[Caption-style text data]
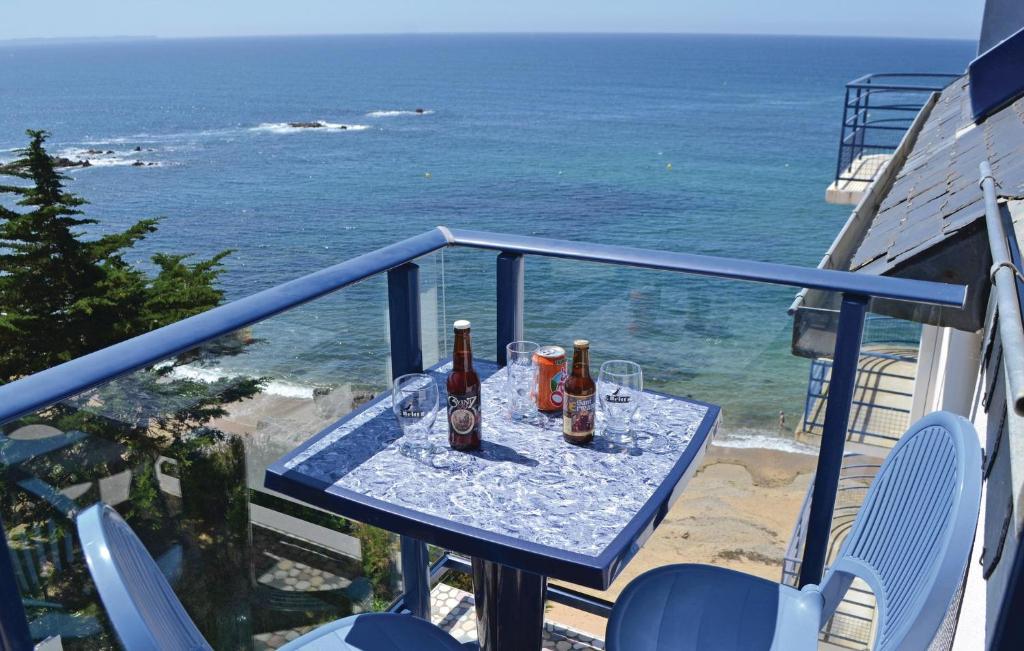 einen Tisch mit Flaschen und Gläsern auf einem Balkon mit Meerblick in der Unterkunft Amazing Apartment In Clohars-Carnoët in Clohars-Carnoët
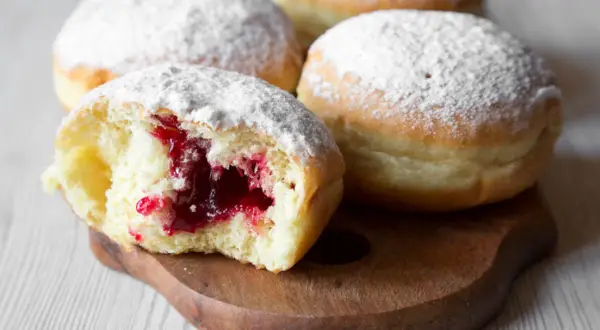Puszyste pączki z dżemem, posypane cukrem pudrem. Idealne na tłusty czwartek, zgodnie z tradycyjnym paczki przepis.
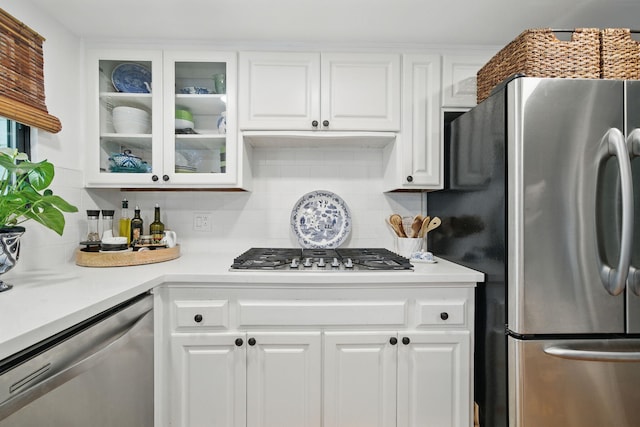 6966 Granada Dr, Redding, CA 96002 - kitchen featuring appliances with stainless steel finishes, white cabinets, backsplash, light countertops, and glass insert cabinets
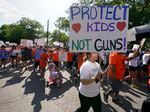 FILE - Family and friends of those killed and injured in the school shootings at Robb Elementary take part in a protest march and rally, Sunday, July 10, 2022, in Uvalde, Texas.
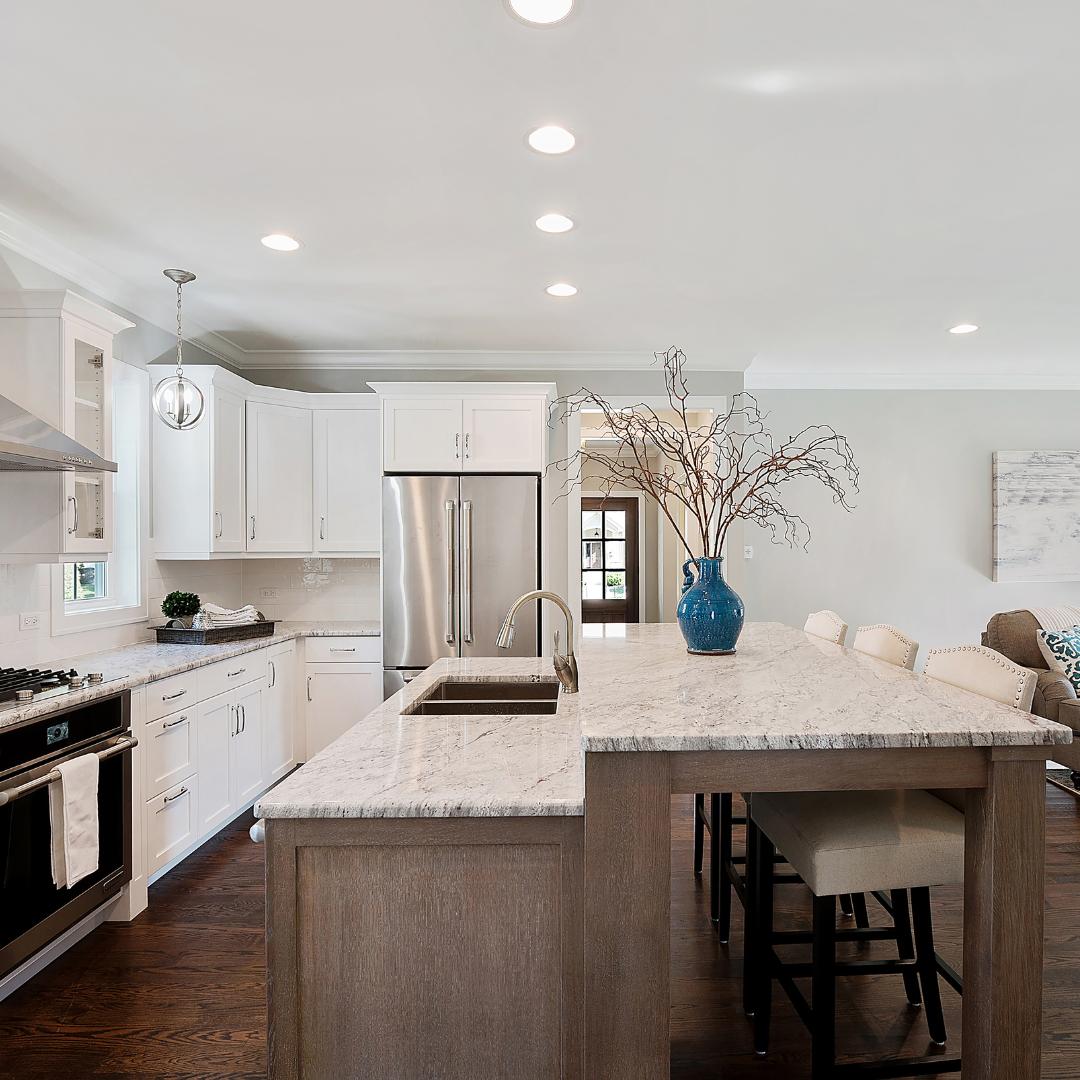 A kitchen with a large island featuring 5 Kitchen Upgrades.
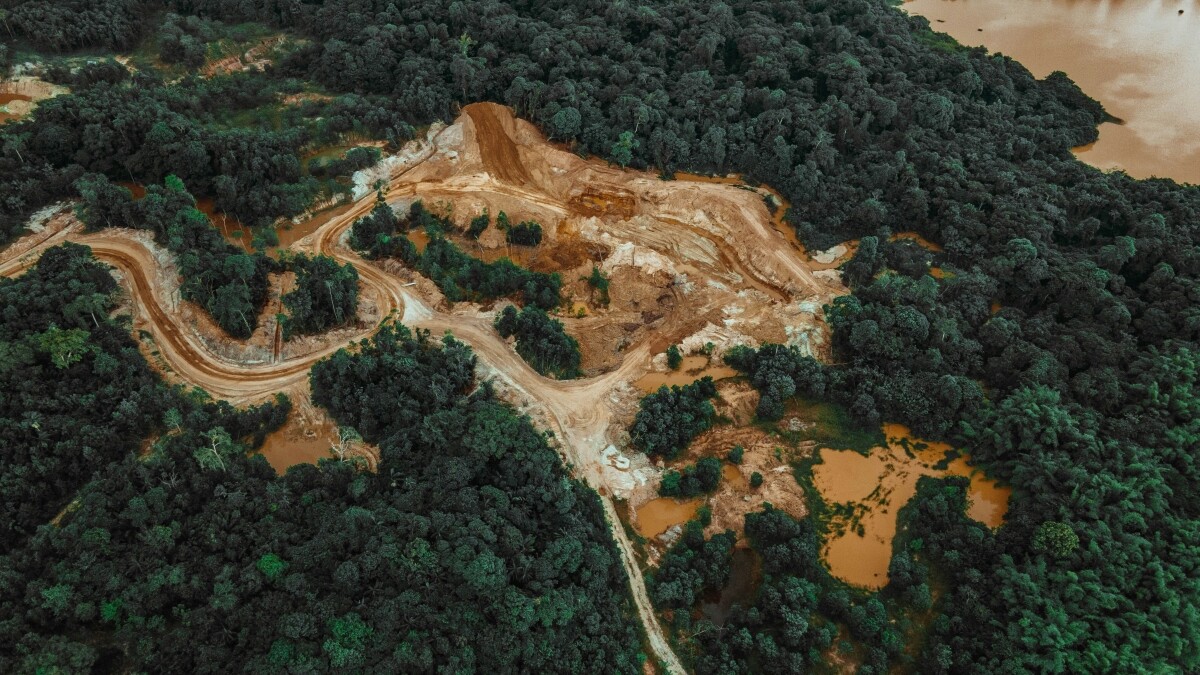 Die Luftaufnahme zeigt einen tropischen Wald. Mitten zwischen den grünen Bäumen erstreckt sich ein großer baumfreier Bereich mit Zufahrten, nackter Erde, Steinen und Tümpeln mit braunem Wasser.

- _Exercise aim_:
Copy back exactly the lines above from the one containing "Puszyste pączki z" through the one containing "6966 Granada Dr, Redding, CA", and leave every picture behind.

- _Solved exercise_:
Puszyste pączki z dżemem, posypane cukrem pudrem. Idealne na tłusty czwartek, zgodnie z tradycyjnym paczki przepis.
 6966 Granada Dr, Redding, CA 96002 - kitchen featuring appliances with stainless steel finishes, white cabinets, backsplash, light countertops, and glass insert cabinets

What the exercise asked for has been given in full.